» Dataset content:
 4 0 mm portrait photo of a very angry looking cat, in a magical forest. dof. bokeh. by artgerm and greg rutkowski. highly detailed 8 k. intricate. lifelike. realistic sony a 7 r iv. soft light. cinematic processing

--

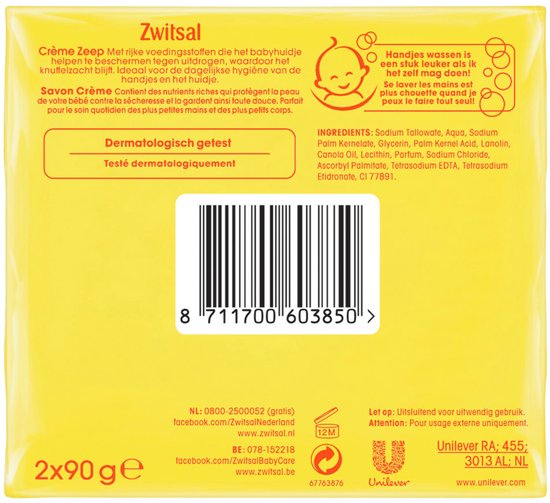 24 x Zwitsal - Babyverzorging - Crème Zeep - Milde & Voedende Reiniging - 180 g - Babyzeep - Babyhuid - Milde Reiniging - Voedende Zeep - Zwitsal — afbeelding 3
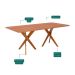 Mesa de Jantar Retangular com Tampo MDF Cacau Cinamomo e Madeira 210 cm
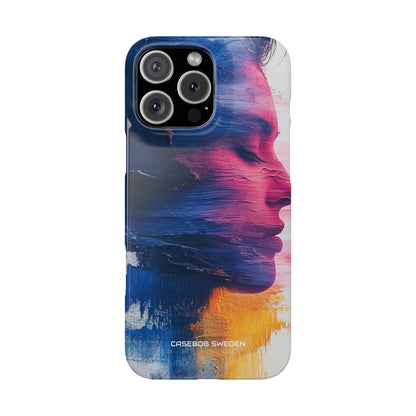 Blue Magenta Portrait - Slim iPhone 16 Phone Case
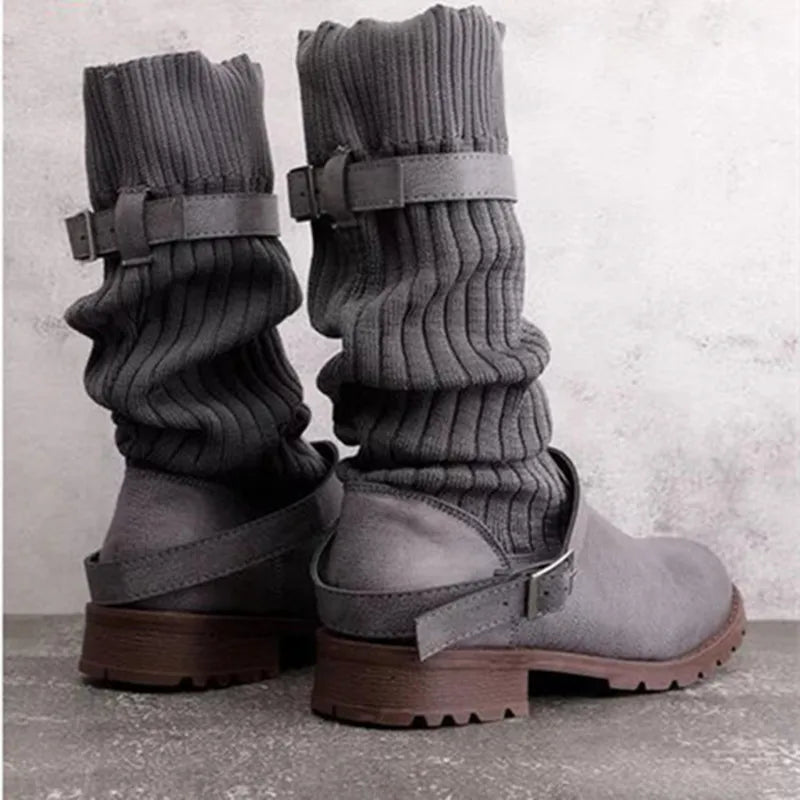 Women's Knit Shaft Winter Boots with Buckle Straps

» Activity: Write out word for word the lines of the listing above from the line with "Mesa de Jantar" to the line with "Women's Knit Shaft", taking in both of those lines but no pictures.

» Output of the exercise:
 Mesa de Jantar Retangular com Tampo MDF Cacau Cinamomo e Madeira 210 cm
 Blue Magenta Portrait - Slim iPhone 16 Phone Case
 Women's Knit Shaft Winter Boots with Buckle Straps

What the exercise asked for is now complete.